Я знал, что Сильвия права. Некоторые латиноамериканские страны кичатся тем, что они похожи на Швейцарию или Британию, поскольку имеют долгую историю парламентской демократии, другие гордятся своим крепким средним классом или тем, что в самом начале уничтожили большинство коренного населения и заменили его европейскими иммигрантами. Такой снобизм характерен для Уругвая и Чили, и лишь немногие из рассерженных молодых людей, детей 1960-х годов с их жаждой перемен и справедливости, предвидели, какая жестокая судьба их ожидает, когда тонкий внешний слой цивилизованности будет безжалостно сорван новыми отечественными conquistadores[38].

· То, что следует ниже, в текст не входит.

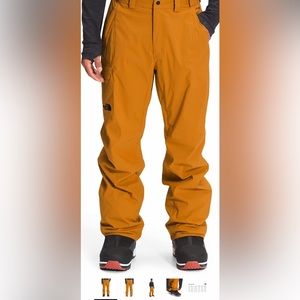 North Face Mens Ski Snow Pants XL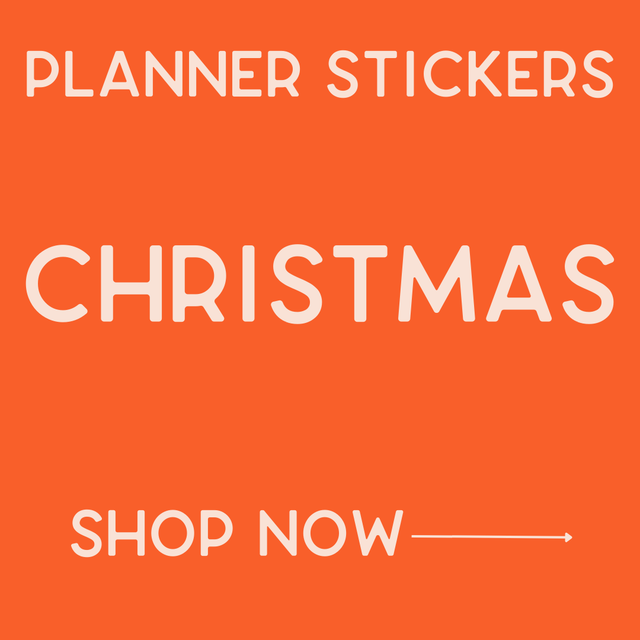 Amplify Planner - Christmas
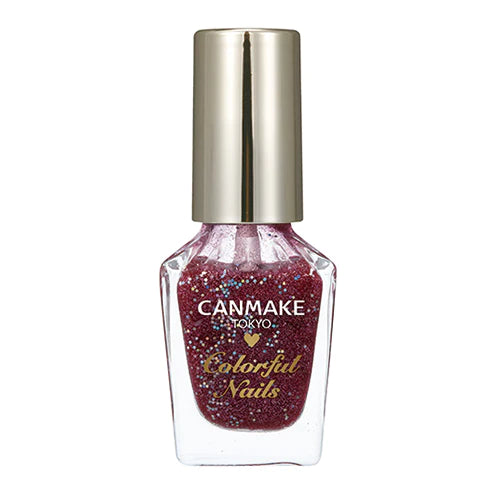 Canmake Colorful Nails - TODOKU Japan - Japanese Beauty Skin Care and Cosmetics
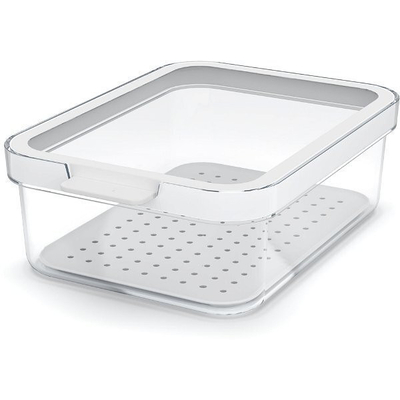 Product Κουτί Αποθήκευσης Rotho Rondo Cauma - food storage container - 1,2l base image
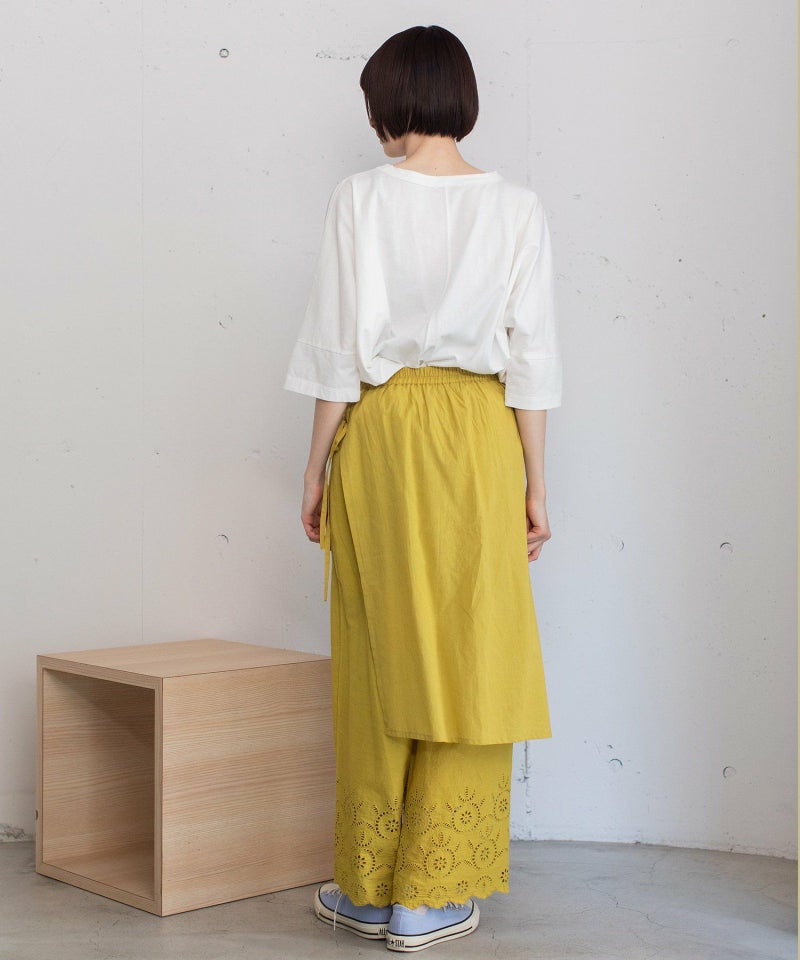 モデル身長：165cm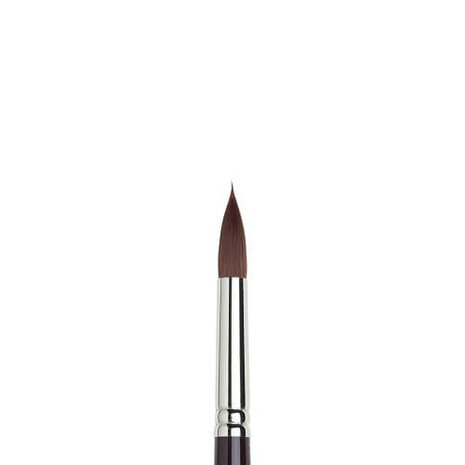 Winsor & Newton Galeria Acrylic Brush Round Short Handle no12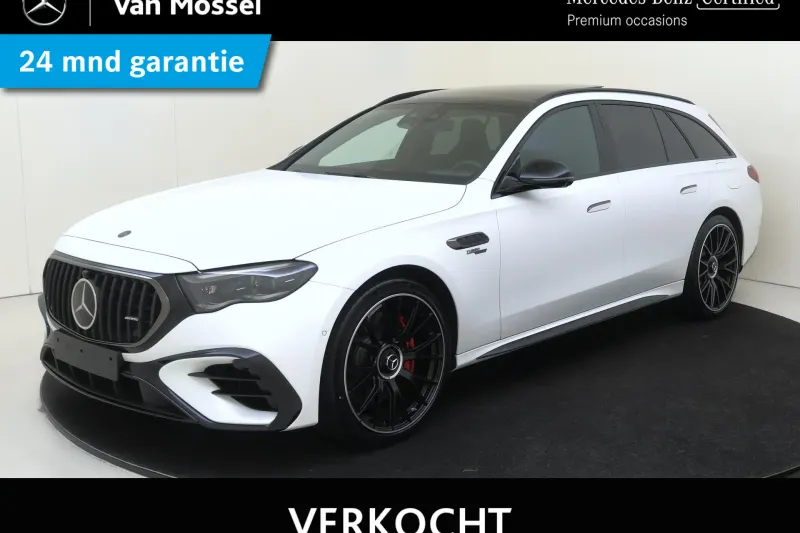 Mercedes-Benz E-Klasse (2025)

Мы молча смотрели на нескольких припозднившихся демонстрантов, возвращавшихся домой. Они были так же молоды, как мы. Они были из Квинта Нормаль, или Реколеты, или Макула. Они возвращались домой, к своим семьям, двоюродным братьям и сестрам, племянникам и племянницам, на кухни, где на столах стояли чашки чаю, а в корзинках, покрытых полотенцами, лежал хлеб. Они волочили за собой флаги и знамена, как фазаны – свои хвосты. Стоял сентябрь, и хотя зима была холодной, в воздухе чувствовались первые слабые признаки весны. Сильвия сидела, положив руки на живот, который почти не выдавал ее беременности. Ее радовала мысль о своем первенце, мы говорили о том, какое имя ему дать, и она заявила, что ребенок будет назван в честь какого-нибудь поэта, а не политического деятеля. Если будет девочка, она назовет ее Габриелой, а если мальчик, то Пабло.

– В честь Неруды? – спросил я очевидное.

– Нет, – ответила она с озорством, – в честь де Роха.

Мы оба обожали де Роху не столько за его стихи, сколько за роман, который он завел в тридцатые годы с красавицей женой одного очень влиятельного иностранного коммуниста. Вызванный в дисциплинарную комиссию Коммунистической партии по какому-то надуманному обвинению в нарушении партийной дисциплины, поэт дерзко заявил своим судьям, что ему просто завидуют и что каждый из них поступил бы так же, как он, если бы только представилась возможность. Это помешало де Рохе сделать партийную карьеру и послужило началом литературной вражды между ним, Нерудой и поэтом-аристократом Уйдобро, не делавшей им чести и побудившей Неруду написать одно из своих наименее лирических произведений, в котором содержался прямой выпад.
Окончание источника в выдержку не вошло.